→ RECORDS FOR PROCESSING
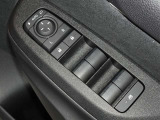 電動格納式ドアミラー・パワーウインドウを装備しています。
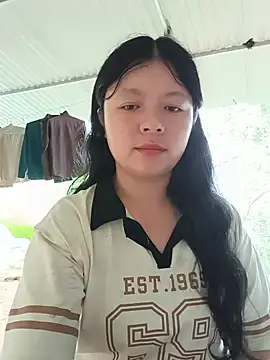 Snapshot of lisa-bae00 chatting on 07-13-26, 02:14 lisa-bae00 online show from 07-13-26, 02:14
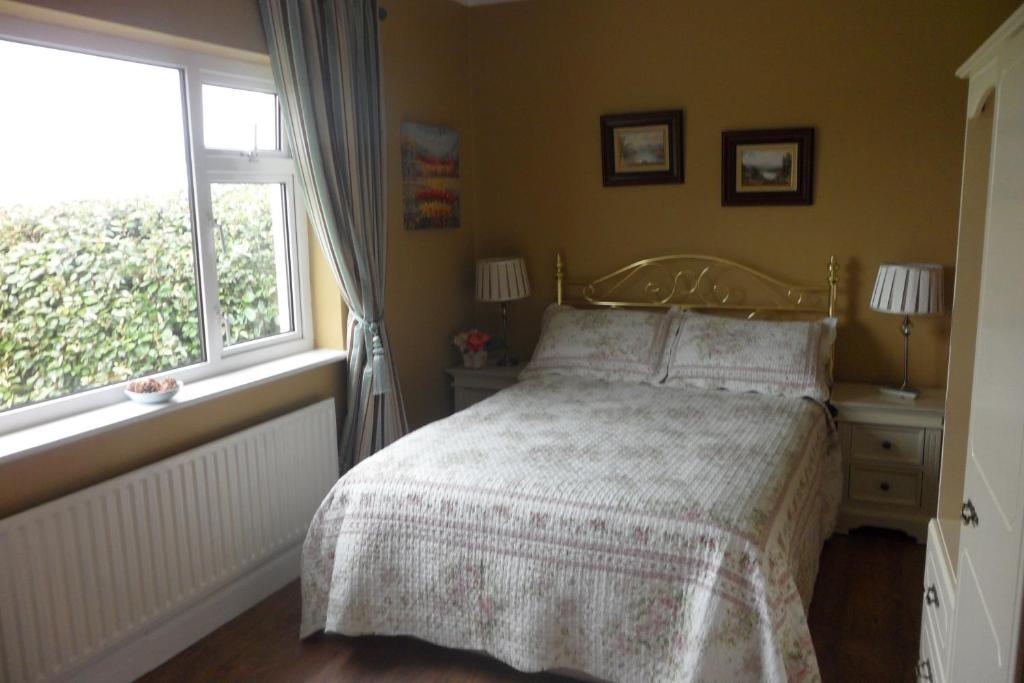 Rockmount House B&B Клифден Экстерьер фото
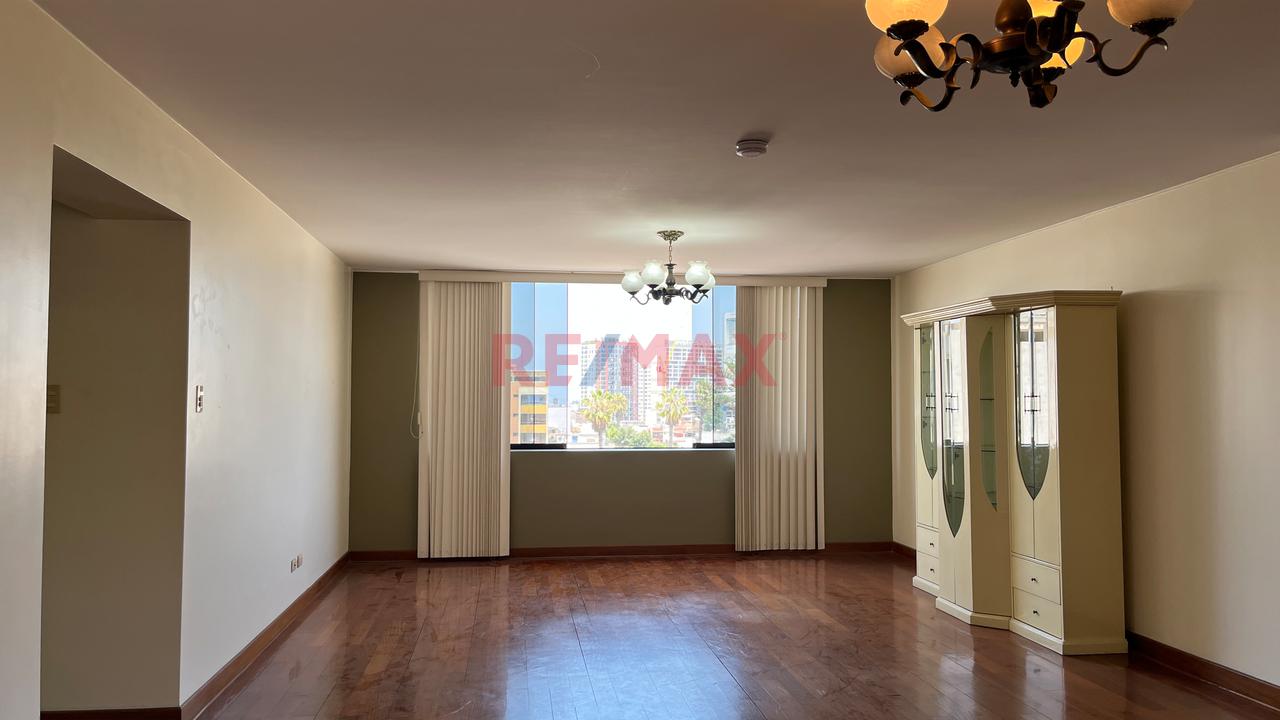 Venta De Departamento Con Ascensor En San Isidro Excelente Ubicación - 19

* * *

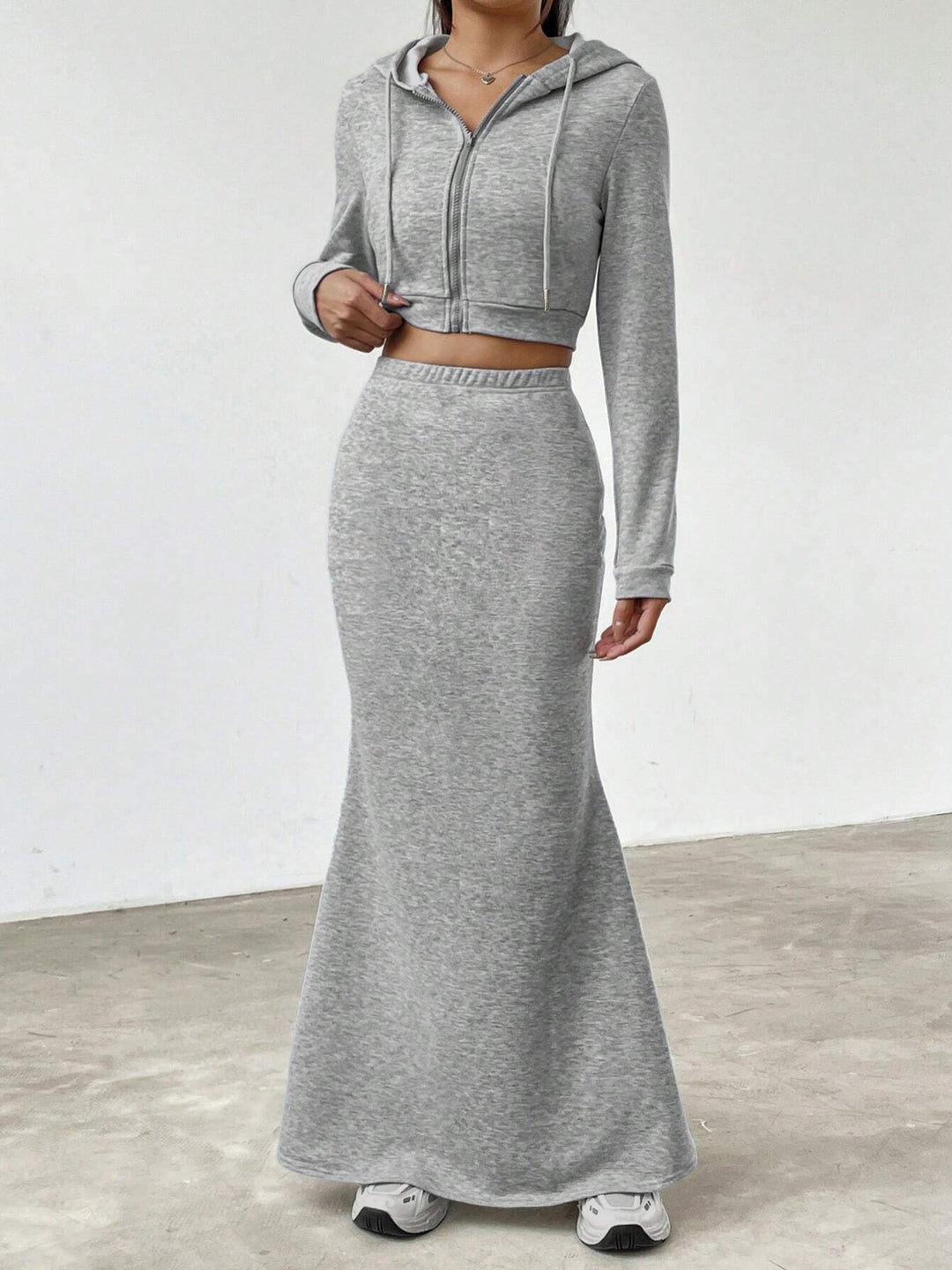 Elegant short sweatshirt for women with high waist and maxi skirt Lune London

...

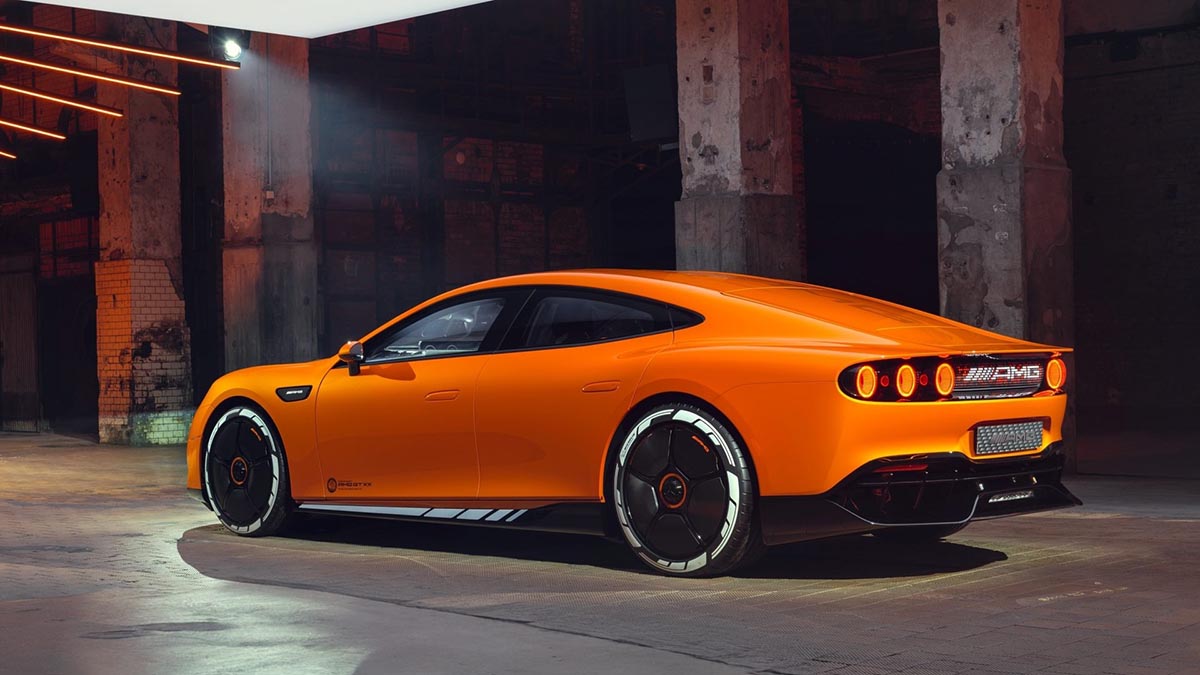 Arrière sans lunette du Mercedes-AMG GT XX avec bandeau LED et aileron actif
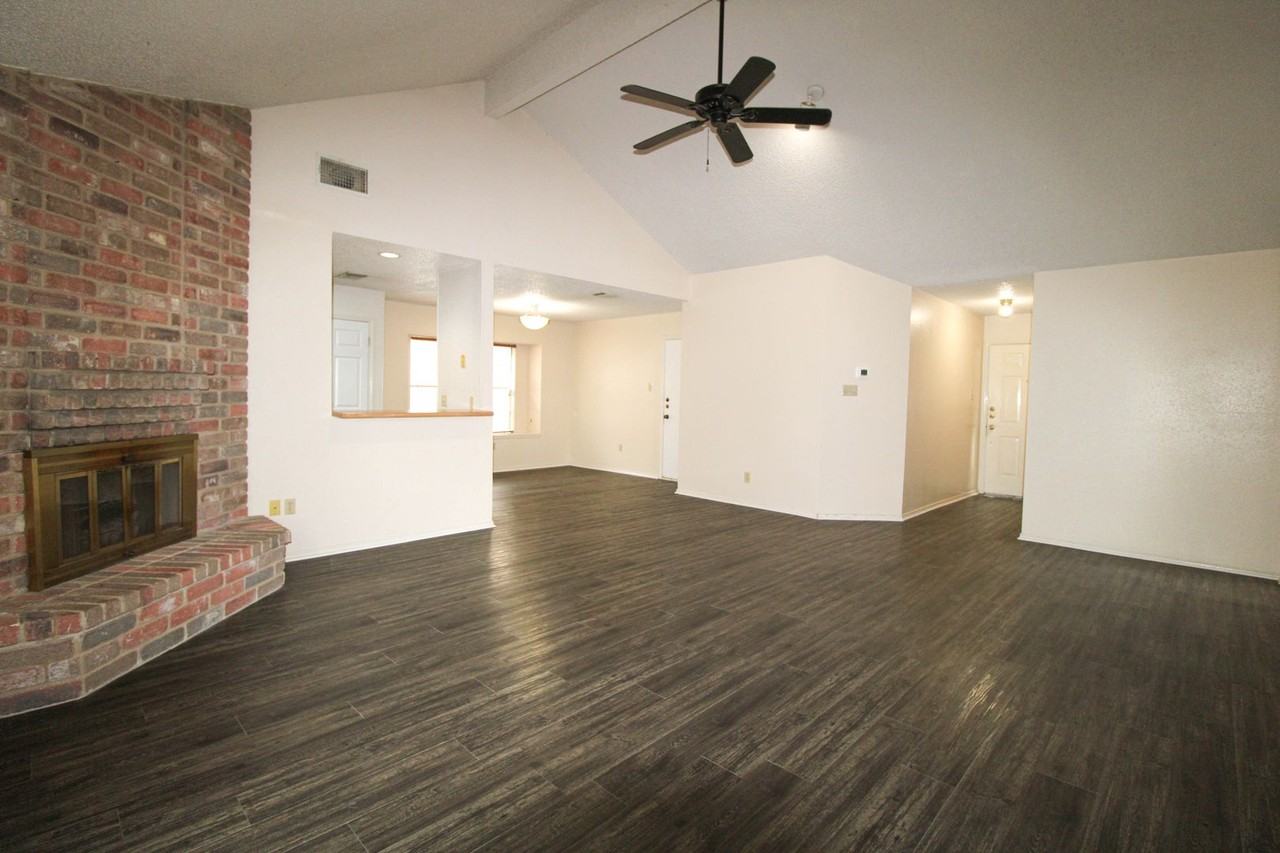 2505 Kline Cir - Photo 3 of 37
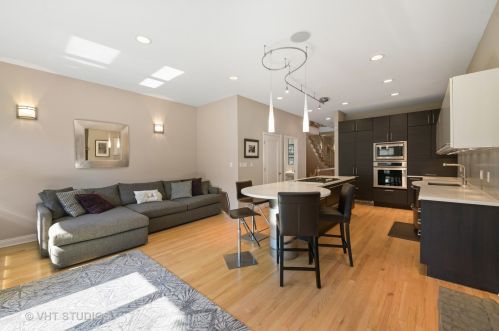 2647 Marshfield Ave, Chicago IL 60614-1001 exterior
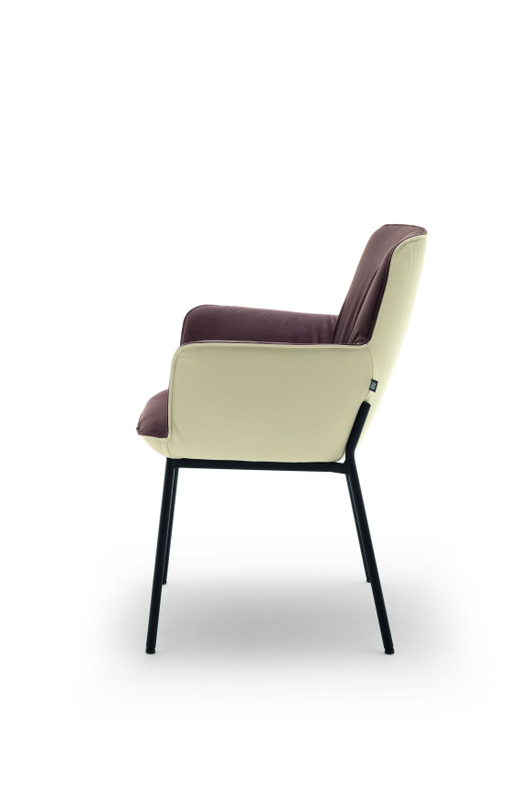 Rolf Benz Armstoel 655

→ WORK TO COMPLETE
Reproduce, word for word, everything in the listing above from the line containing "Snapshot of lisa-bae00" down to the line containing "Venta De Departamento", both of them included. No pictures.

→ RESPONSE FOR THIS EXERCISE
 Snapshot of lisa-bae00 chatting on 07-13-26, 02:14 lisa-bae00 online show from 07-13-26, 02:14
 Rockmount House B&B Клифден Экстерьер фото
 Venta De Departamento Con Ascensor En San Isidro Excelente Ubicación - 19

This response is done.